You filmed at so many different locations that your Europe is in a sense an aggregate in which the places are thoroughly mixed up. What do you consider this film’s “geography”?

One of the working assumptions was that Europe is one. Europe has grown together, we have the EU, which at least politically acts is if it were a single entity. We didn’t really find any major regional differences within Europe, in the same way that you can travel wherever you want without restriction, film wherever you want, we selected many of the locations on the basis of their function rather than the actual place: a maternity clinic here, a retirement home there. And when a retirement home in Vienna wouldn’t let us shoot, and it was the same in Paris, we just found one in Germany. Those are places for which the actual location is for the most part interchangeable. Where the language that’s spoken isn’t really relevant. There are other places in the film that can be recognized immediately, that stand alone, such as St. Peter’s Square in Rome and the fence at Spain’s border with Morocco. Those are things that should be recognizable, and they play a role as locations. Most of the places are however, I don’t want to say backdrop, but their actual identity isn’t as important as how they symbolize something that happens throughout Europe in the same way.

 

What kind of actor is something like your camera in this ambience, and to what extent does it alter the acting of others? An example would be that a nurse normally spends the night alone, then he is placed in a different situation when accompanied by a camera crew on their rounds through a geriatric ward. What does “direction” entail for documentaries?
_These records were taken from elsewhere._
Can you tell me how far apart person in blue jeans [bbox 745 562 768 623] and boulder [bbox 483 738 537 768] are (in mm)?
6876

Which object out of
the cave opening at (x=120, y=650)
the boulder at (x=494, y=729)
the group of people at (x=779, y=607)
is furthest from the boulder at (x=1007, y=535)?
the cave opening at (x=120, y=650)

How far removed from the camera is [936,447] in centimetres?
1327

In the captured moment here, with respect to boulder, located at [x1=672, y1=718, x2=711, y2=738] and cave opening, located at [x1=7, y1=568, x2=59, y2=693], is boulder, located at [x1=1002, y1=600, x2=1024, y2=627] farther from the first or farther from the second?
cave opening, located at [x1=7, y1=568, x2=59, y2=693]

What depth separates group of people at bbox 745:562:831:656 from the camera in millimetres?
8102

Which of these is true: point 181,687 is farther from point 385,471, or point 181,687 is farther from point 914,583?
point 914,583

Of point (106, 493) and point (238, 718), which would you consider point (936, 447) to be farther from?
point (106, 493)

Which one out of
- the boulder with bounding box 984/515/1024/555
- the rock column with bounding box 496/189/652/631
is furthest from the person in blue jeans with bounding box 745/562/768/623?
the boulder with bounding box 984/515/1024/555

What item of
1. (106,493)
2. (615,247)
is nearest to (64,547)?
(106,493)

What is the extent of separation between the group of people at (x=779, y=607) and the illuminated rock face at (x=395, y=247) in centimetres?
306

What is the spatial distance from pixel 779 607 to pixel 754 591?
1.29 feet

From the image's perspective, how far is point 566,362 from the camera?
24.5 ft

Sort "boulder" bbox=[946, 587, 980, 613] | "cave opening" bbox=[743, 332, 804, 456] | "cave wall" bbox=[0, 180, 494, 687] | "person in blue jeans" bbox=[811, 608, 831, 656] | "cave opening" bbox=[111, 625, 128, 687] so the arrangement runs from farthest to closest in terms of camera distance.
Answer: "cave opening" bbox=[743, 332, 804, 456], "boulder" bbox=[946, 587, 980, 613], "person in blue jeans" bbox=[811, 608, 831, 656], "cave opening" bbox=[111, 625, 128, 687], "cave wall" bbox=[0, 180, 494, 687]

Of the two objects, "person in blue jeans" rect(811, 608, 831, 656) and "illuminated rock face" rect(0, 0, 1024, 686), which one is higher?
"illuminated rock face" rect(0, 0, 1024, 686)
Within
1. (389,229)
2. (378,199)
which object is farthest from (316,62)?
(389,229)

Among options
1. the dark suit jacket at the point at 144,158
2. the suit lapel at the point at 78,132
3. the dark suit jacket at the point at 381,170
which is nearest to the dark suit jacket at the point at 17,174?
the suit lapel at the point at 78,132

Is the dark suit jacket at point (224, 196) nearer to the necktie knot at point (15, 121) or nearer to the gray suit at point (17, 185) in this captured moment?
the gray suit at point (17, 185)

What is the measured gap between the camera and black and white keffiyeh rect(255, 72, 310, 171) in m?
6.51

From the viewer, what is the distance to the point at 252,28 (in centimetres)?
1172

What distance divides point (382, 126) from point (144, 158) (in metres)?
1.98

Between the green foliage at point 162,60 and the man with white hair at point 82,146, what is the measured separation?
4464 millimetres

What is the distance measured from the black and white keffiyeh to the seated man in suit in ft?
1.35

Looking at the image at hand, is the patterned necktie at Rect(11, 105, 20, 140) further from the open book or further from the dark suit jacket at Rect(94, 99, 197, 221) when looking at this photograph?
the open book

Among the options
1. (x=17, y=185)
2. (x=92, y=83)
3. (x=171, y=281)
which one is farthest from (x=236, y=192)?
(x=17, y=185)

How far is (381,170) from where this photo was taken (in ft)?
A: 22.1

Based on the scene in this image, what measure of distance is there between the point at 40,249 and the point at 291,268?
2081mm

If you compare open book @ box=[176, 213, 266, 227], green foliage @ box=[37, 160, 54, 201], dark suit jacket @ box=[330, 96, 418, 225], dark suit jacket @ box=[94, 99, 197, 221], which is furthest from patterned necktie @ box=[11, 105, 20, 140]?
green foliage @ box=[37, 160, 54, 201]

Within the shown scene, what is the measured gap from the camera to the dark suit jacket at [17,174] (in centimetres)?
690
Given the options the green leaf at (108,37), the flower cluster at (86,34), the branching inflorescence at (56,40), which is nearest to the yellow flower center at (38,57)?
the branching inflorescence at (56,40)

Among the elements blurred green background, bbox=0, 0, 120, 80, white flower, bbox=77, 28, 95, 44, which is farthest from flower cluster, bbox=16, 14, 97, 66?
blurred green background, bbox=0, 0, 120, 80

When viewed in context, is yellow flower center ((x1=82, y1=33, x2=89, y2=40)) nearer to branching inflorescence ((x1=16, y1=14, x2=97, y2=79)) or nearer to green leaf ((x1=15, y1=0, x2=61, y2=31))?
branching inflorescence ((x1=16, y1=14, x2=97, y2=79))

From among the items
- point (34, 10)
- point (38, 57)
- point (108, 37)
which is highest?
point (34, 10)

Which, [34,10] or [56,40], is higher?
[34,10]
Firstly, the camera probably plays my role. I see myself as someone who observes but doesn’t react immediately or directly. And who needs time to process what he sees. And the camera functions in the same way, it observes, it’s present, of course, in the same way that I would be present, and there’s no doubt that the camera’s presence has an effect on the scene. We thought about whether a geriatric nurse is just as friendly to his patients when we aren’t there. We’ll never know. But because everybody automatically thinks about that, it’s not really very important.

 

What are the main things one could learn from the concrete experience of Europe in the course of this kind of shoot - beyond the boilerplate concerning fortification for security purposes, a prosperous society, a consumer society and Western European society?
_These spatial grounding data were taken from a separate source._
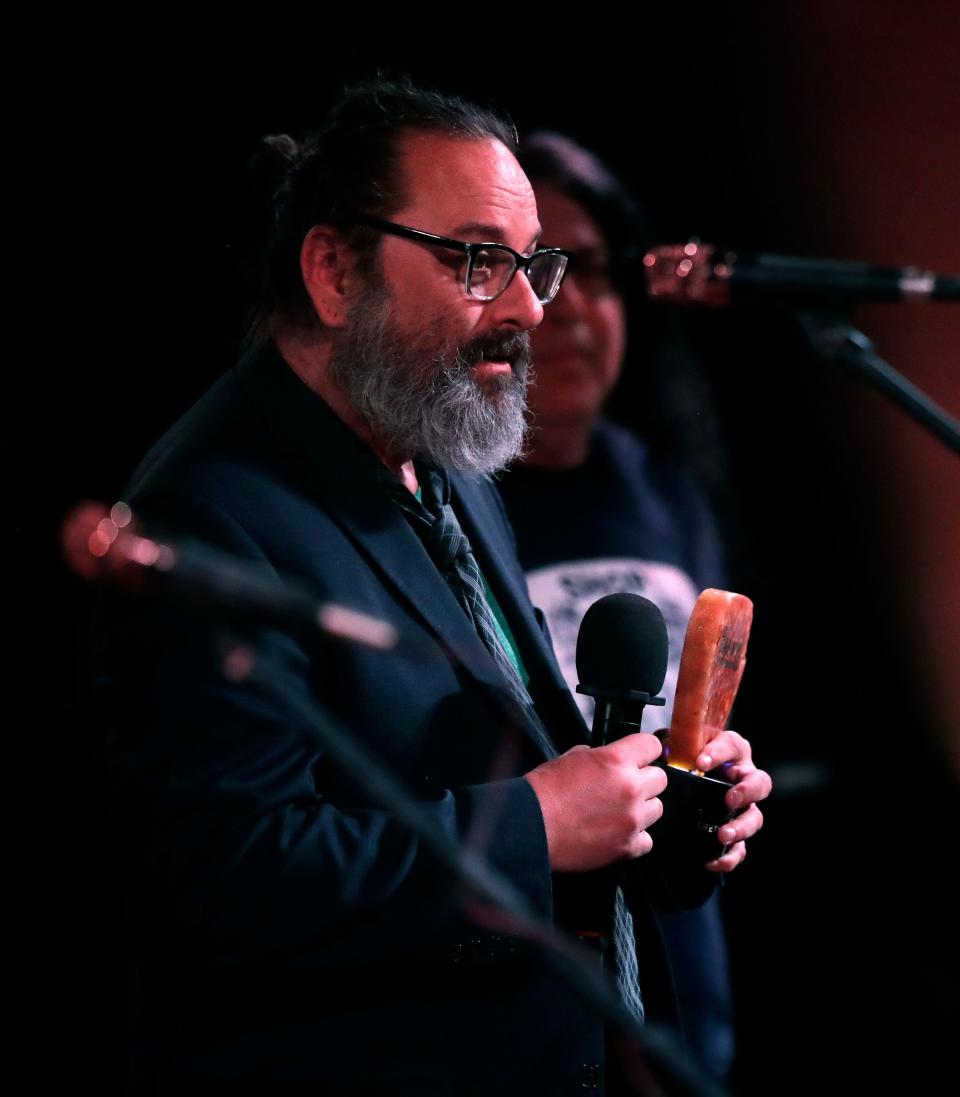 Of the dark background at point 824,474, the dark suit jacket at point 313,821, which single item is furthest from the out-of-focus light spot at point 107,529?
the dark background at point 824,474

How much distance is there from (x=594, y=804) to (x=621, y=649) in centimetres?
22

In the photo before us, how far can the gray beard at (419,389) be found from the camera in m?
1.79

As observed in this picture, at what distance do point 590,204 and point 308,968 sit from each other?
6.55ft

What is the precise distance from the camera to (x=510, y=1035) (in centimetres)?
157

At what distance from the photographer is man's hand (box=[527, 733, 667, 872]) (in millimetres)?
1495

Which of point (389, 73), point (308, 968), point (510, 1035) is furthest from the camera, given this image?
point (389, 73)

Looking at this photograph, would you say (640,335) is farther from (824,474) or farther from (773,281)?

I don’t think that the shooting has produced any groundbreaking new knowledge, but I believe that the combined effect of a number of different impressions confirms suspicions and fears in a stark way, uncompromisingly, without offering the possibility of excuses. We’ve read about and know about Fortress Europe, but it’s different after you’ve really seen it, because you have an image to go with your ideas. That’s why the prolonged gaze over the border fence at Africa, at the end, was important to me. I want people to finally see these things that they know happen in the background, and which are normally blocked from your view intentionally. As an impetus, to provide the basis for discussion. This is where the actual film begins.